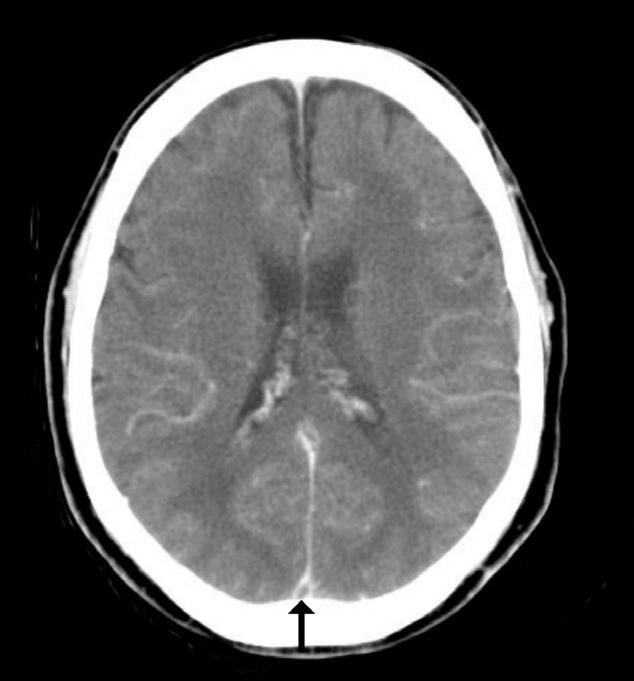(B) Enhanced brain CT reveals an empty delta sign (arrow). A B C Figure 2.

* * *

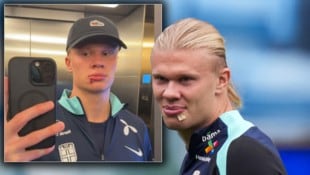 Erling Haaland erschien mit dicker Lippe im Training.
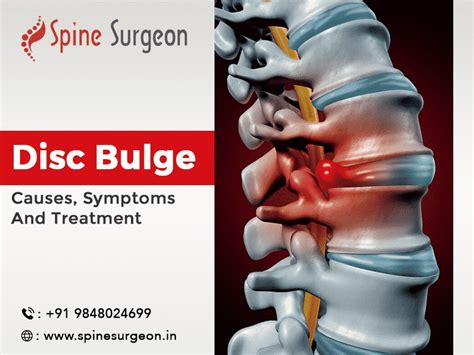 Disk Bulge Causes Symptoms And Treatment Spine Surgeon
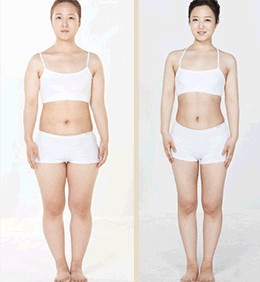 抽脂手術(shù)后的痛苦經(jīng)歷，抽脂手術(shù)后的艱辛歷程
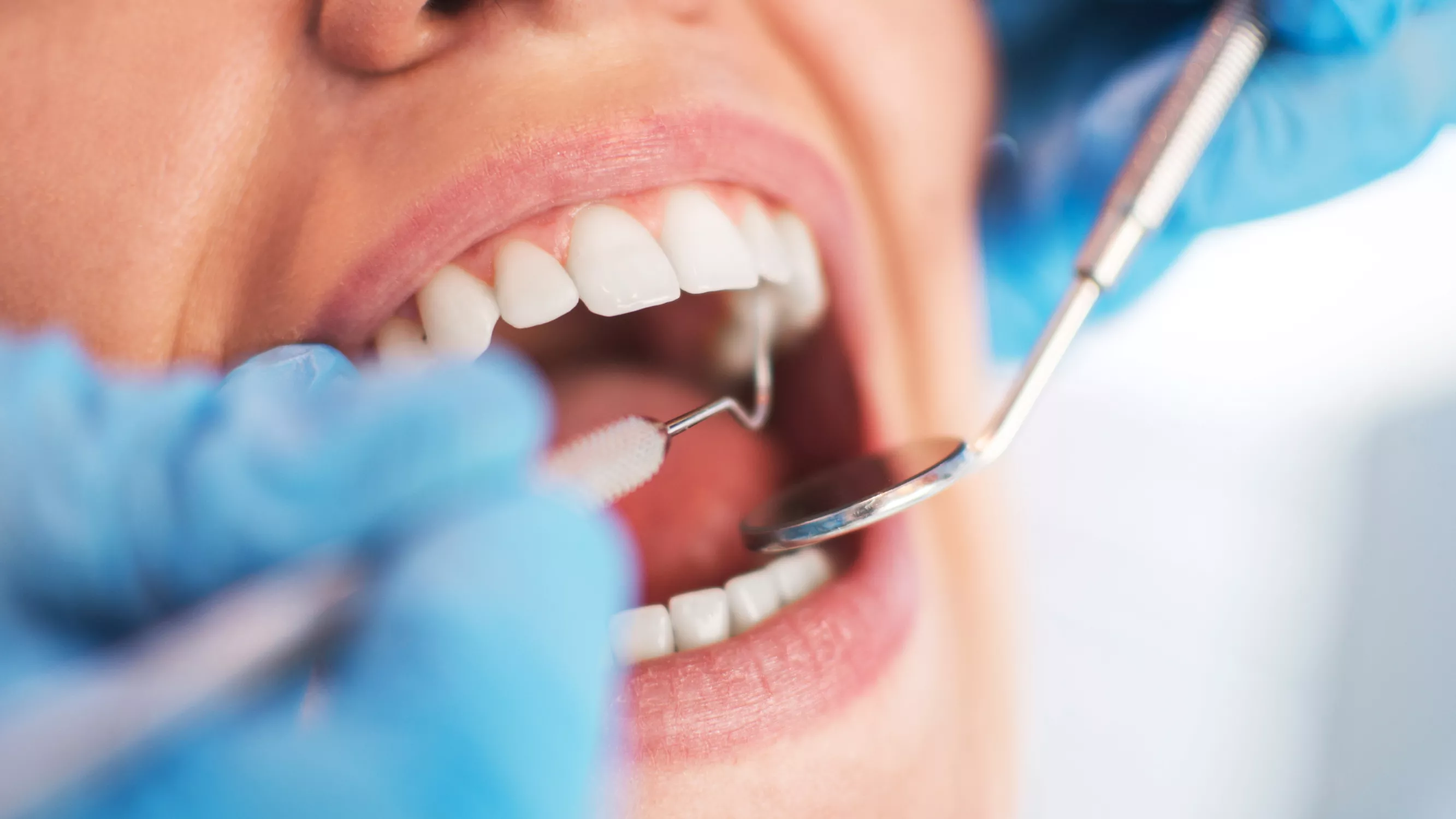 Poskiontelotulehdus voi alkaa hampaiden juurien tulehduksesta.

==

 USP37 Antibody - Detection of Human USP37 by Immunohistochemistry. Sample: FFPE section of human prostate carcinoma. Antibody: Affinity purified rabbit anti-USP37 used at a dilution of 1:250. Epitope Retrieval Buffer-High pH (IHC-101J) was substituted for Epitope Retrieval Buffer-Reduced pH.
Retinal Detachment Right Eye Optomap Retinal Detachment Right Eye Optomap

Exercise prompt
Out of the entries above, write out only the lines between the line holding "USP37 Antibody - Detection" and the line holding "Retinal Detachment Right Eye Optomap Retinal", inclusive, each exactly as given.

Exercise result
 USP37 Antibody - Detection of Human USP37 by Immunohistochemistry. Sample: FFPE section of human prostate carcinoma. Antibody: Affinity purified rabbit anti-USP37 used at a dilution of 1:250. Epitope Retrieval Buffer-High pH (IHC-101J) was substituted for Epitope Retrieval Buffer-Reduced pH.
Retinal Detachment Right Eye Optomap Retinal Detachment Right Eye Optomap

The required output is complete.